The Living Room , a play written and directed by Kalki Koechlin, which premiered at Ranga Shankara last week, ruminates on death and briefly touches upon issues that Guttman and Kundera deal with. The initial moments of the play, opens to a Bergmanian drama — in its philosophical tone, the texture and use of colours. Ana Nil, in whose living room the play unfolds, finds herself in conversation with this person who she assumes is a television anchor and is playing the role of ‘death’. She imagines there is a secret camera and begins a conversation with him. During its initial part, the play opens up to great possibilities – the presence of death in our living rooms, the overlapping nature of life and death, about the invisible violence that television (reality shows) forces upon us continuously altering the way we perceive things, and how, even one is confronted with the real, it is seen as less than real. By the very nature of the plot itself, the play acquires a surreal quality; Ana clinging to temptations of life even when confronted by death, and Death’s (Mr. Yamir) own reflections of its loss of dignity in the face of war and calamity, so on and so forth.
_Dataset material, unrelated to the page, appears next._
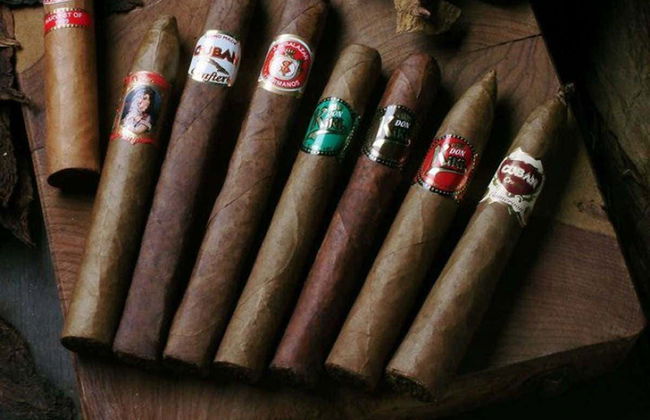 Excursão a La Romana e Altos de Chavón - Foto 7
Just when the play begins to warm up to meaning, it consciously decides to give it up. To put it in Kalki’s own words, “I didn’t want to make it very philosophical. I am touching on the aspects of life and death and making it more comical.” What however follows in the ‘comical’ part is the stereotype of comedy -- a series of silly confusions and an edgy, high-pitched hamming match. The play by now has lost its grip over the plot, and also the idea of comedy. The stage gets busy with boyfriend, godson and a doctor, but neither does the plot get thicker nor meaning. One is best left to reading through suggestion – there is a raging storm outside, and by implication, one has to understand there’s a storm inside as well.

The extensive use of the colour red, black and blue in the play, in fact, guides you to the idea of death that is inherently Christian, paradoxically juxtaposed with an unauthentic image of the Hindu god of death, Yama (Mr. Yamir). This however, maybe a matter of pure convenience, and doesn’t seem to have a greater plan in terms of the play’s intent. The twist comes in its climax. The entire play is a play within a play with Dr. Zeus and his assistant Yamir playing out the game of death before Ana, for a larger psychological purpose.

The chaos ends, the mess is cleared, Dr. Zeus asks his assistant Yamir to work better, the clock is reset to what it was in the beginning, Ana goes back to sleep, and Yamir takes his position again. The entire game begins, yet another time. Is it death, is it sleep, is it god, is it human drama… you can find different ways to understand the ending. But none of the interpretations heightens the experience of the play itself.

Music for the play was hauntingly beautiful, lighting and sound design very competent. Each of the actors played their roles to near perfection. It could have been a better play though, if only the temptation to be clever was resisted.